Audio-Visual Scene Classification

Updated 18 April 2026

Audio-Visual Scene Classification (AVSC) is a supervised learning task that assigns semantic labels to video clips by integrating signals from audio waveforms and visual frames.
Modern AVSC methods leverage deep learning architectures and advanced fusion strategies to achieve over 94% accuracy on standardized urban scene benchmarks.
Key challenges include achieving precise cross-modal alignment, implementing robust data augmentation, and handling asynchronous or missing modalities in real-world applications.

Audio-Visual Scene Classification (AVSC) is the supervised task of assigning a discrete semantic label (e.g., “airport”, “metro station”, “riot scene”) to an audio-visual input segment—typically a short video clip—by integrating information from both its acoustic (waveform/spectrogram) and visual (frame/image) streams.
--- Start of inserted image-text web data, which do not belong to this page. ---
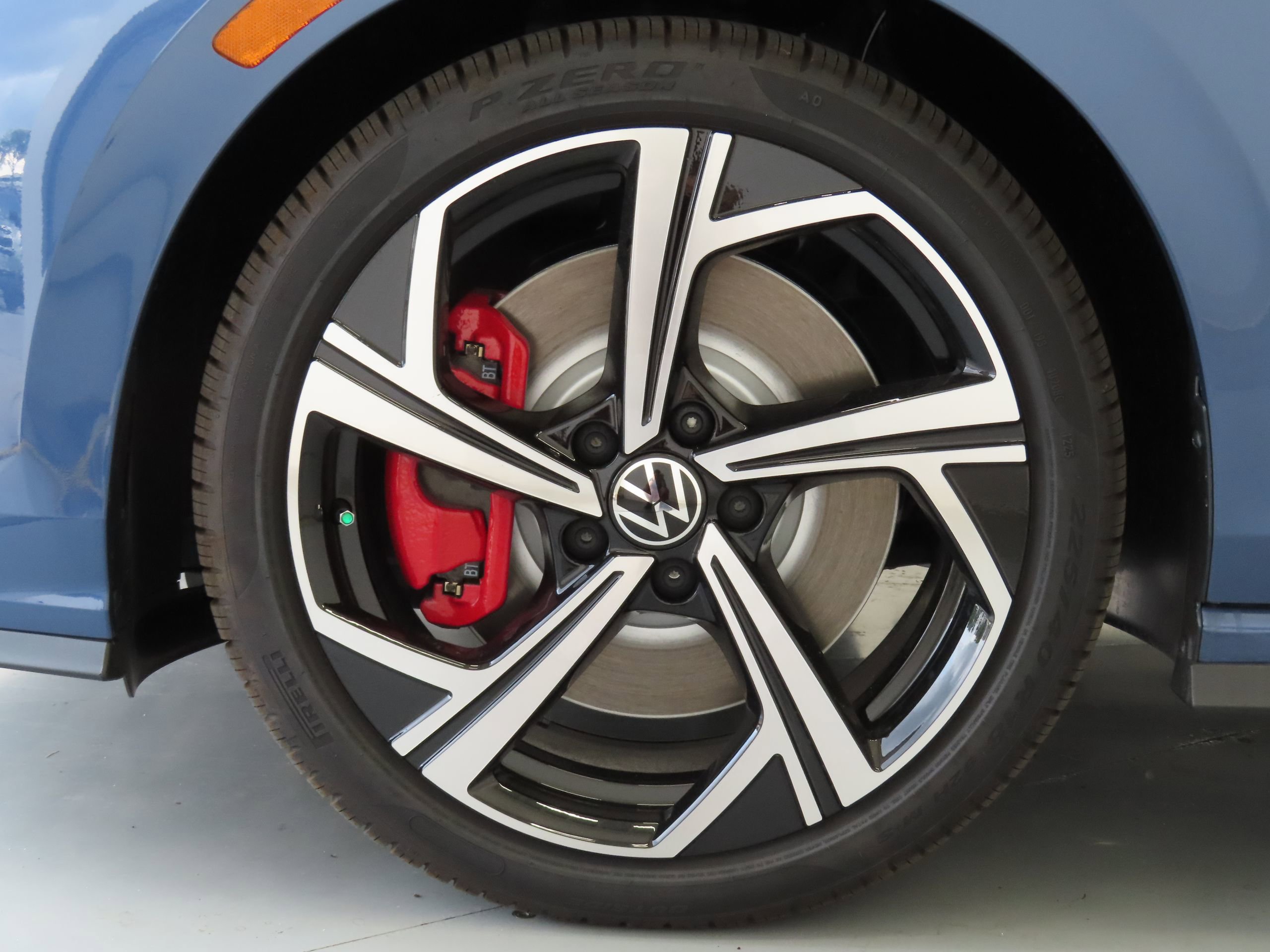 New 2025 Volkswagen GTI SE image 36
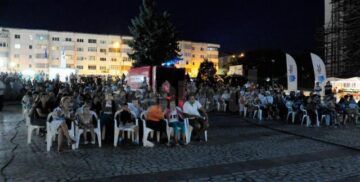 Timp de două zile, Caravana TIFF s-a aflat în Piața „Nada Florilor” din Fălticeni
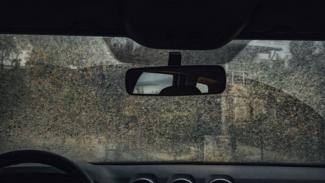 брудний автомобіль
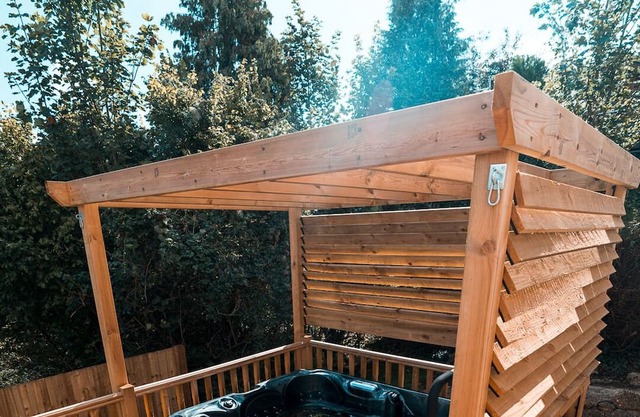 Luxury Renovated Bungalow with Hot Tub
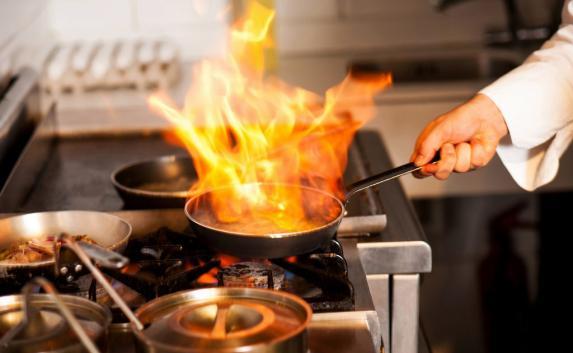Севастопольский повар чуть «не сгорел» на работе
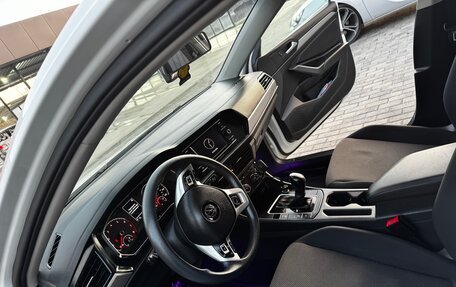 Volkswagen Jetta VII, 2018 год, 1 599 999 рублей, 19 фотография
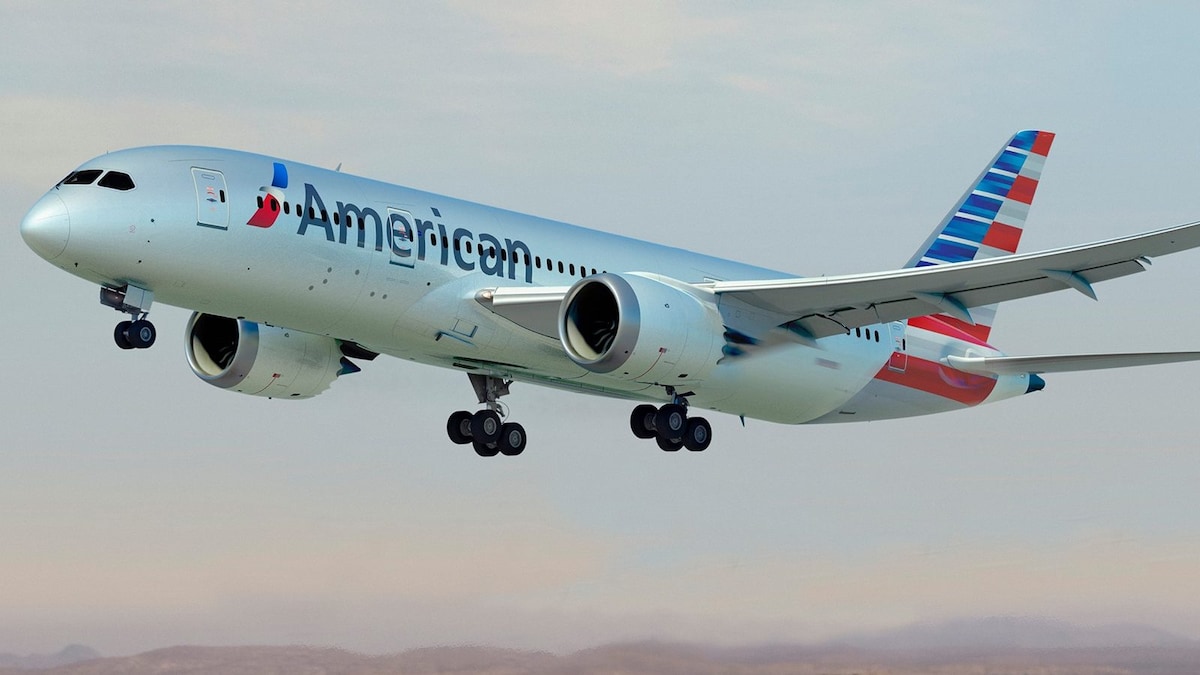 American Airlines Cancels Over 1200 Flights Due to Staff Shortage and Bad Weather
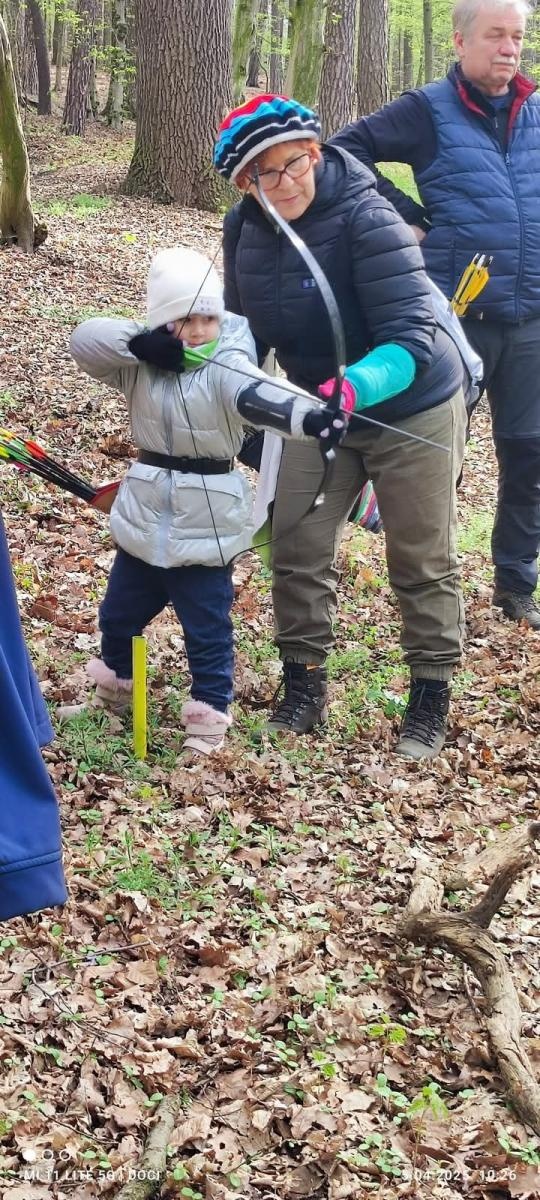 Zdjęcie w galerii na portalu naszraciborz.pl: Relacja z zawodów łuczniczych Raciborskie 7 i pół D – strzała tradycji w sercu lasów Obora wiadomości z regionu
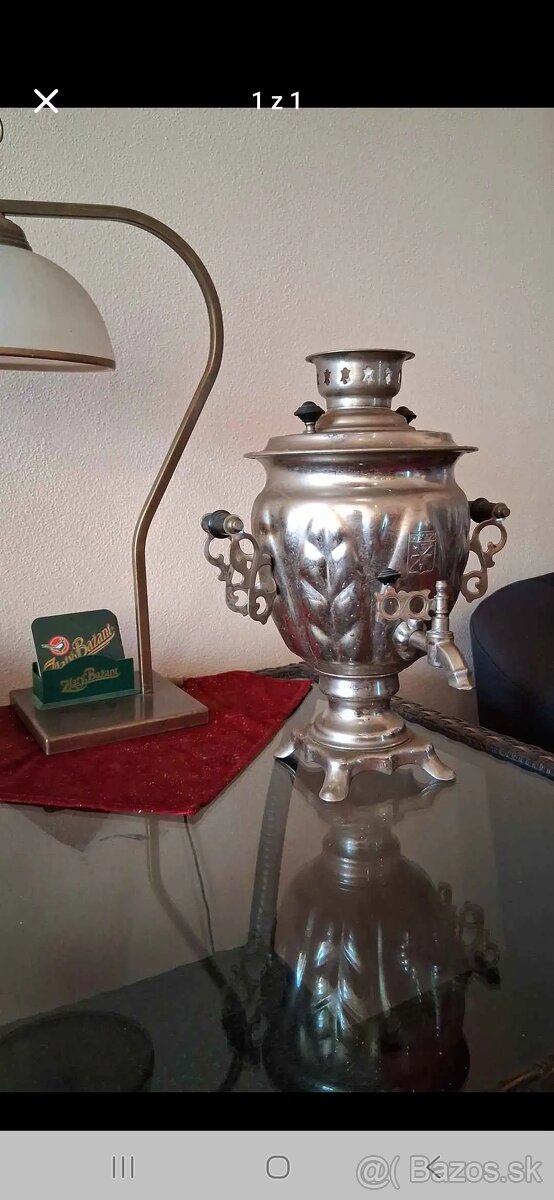 Starožitný rusky samovar. Kavovar.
Modern AVSC research has been driven by the development of large, curated datasets of real-world synchronized audio-video recordings and the rapid advancement of multimodal deep learning architectures able to exploit signals that are often complementary, redundant, or semantically entangled across modalities. Performance improvements hinge on effective multimodal fusion, fine-grained cross-modal alignment, and robust data augmentations. State-of-the-art systems routinely achieve over 94% classification accuracy on standardized scene taxonomies using large pretrained networks and sophisticated fusion methods.

1. Benchmark Datasets and Task Definition

The canonical AVSC benchmark datasets are derived from curated and standardized corpora such as TAU Audio-Visual Urban Scenes 2021 and related urban scene datasets recorded in multiple cities using tightly-synchronized professional equipment (Wang et al., 2020). Typical data consist of 10 s video clips recorded at 24–48 kHz audio and 25–30 Hz video, chopped into training and test splits that enforce location, device, and city disjointness between train and test. Each clip is annotated with a single scene label from a closed, mutually exclusive set (e.g., airport, tram, park, public square, metro station; typically 5–10 classes) (Pham et al., 2021, Apostolidis et al., 2024).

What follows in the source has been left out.